*** Given data Section Begins ***
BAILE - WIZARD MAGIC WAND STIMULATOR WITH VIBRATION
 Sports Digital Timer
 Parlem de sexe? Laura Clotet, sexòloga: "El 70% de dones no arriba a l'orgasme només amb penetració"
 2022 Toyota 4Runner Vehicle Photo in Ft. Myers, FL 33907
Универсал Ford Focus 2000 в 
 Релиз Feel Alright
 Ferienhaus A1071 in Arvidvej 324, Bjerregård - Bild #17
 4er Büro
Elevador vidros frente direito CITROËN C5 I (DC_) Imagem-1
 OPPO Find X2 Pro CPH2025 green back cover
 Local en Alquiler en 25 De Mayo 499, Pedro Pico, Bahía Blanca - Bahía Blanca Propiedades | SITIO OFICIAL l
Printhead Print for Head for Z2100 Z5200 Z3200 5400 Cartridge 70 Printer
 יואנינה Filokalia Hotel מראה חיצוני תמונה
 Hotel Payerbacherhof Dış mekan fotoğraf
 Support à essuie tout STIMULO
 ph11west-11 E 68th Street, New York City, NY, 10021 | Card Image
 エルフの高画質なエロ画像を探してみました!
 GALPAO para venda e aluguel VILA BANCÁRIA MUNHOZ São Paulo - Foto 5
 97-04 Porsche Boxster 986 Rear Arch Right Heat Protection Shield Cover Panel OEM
*** Given data Section Ends ***
[Assignment] Nothing but the complete listing, repeated exactly, belongs in the answer.

[Task output]
BAILE - WIZARD MAGIC WAND STIMULATOR WITH VIBRATION
 Sports Digital Timer
 Parlem de sexe? Laura Clotet, sexòloga: "El 70% de dones no arriba a l'orgasme només amb penetració"
 2022 Toyota 4Runner Vehicle Photo in Ft. Myers, FL 33907
Универсал Ford Focus 2000 в 
 Релиз Feel Alright
 Ferienhaus A1071 in Arvidvej 324, Bjerregård - Bild #17
 4er Büro
Elevador vidros frente direito CITROËN C5 I (DC_) Imagem-1
 OPPO Find X2 Pro CPH2025 green back cover
 Local en Alquiler en 25 De Mayo 499, Pedro Pico, Bahía Blanca - Bahía Blanca Propiedades | SITIO OFICIAL l
Printhead Print for Head for Z2100 Z5200 Z3200 5400 Cartridge 70 Printer
 יואנינה Filokalia Hotel מראה חיצוני תמונה
 Hotel Payerbacherhof Dış mekan fotoğraf
 Support à essuie tout STIMULO
 ph11west-11 E 68th Street, New York City, NY, 10021 | Card Image
 エルフの高画質なエロ画像を探してみました!
 GALPAO para venda e aluguel VILA BANCÁRIA MUNHOZ São Paulo - Foto 5
 97-04 Porsche Boxster 986 Rear Arch Right Heat Protection Shield Cover Panel OEM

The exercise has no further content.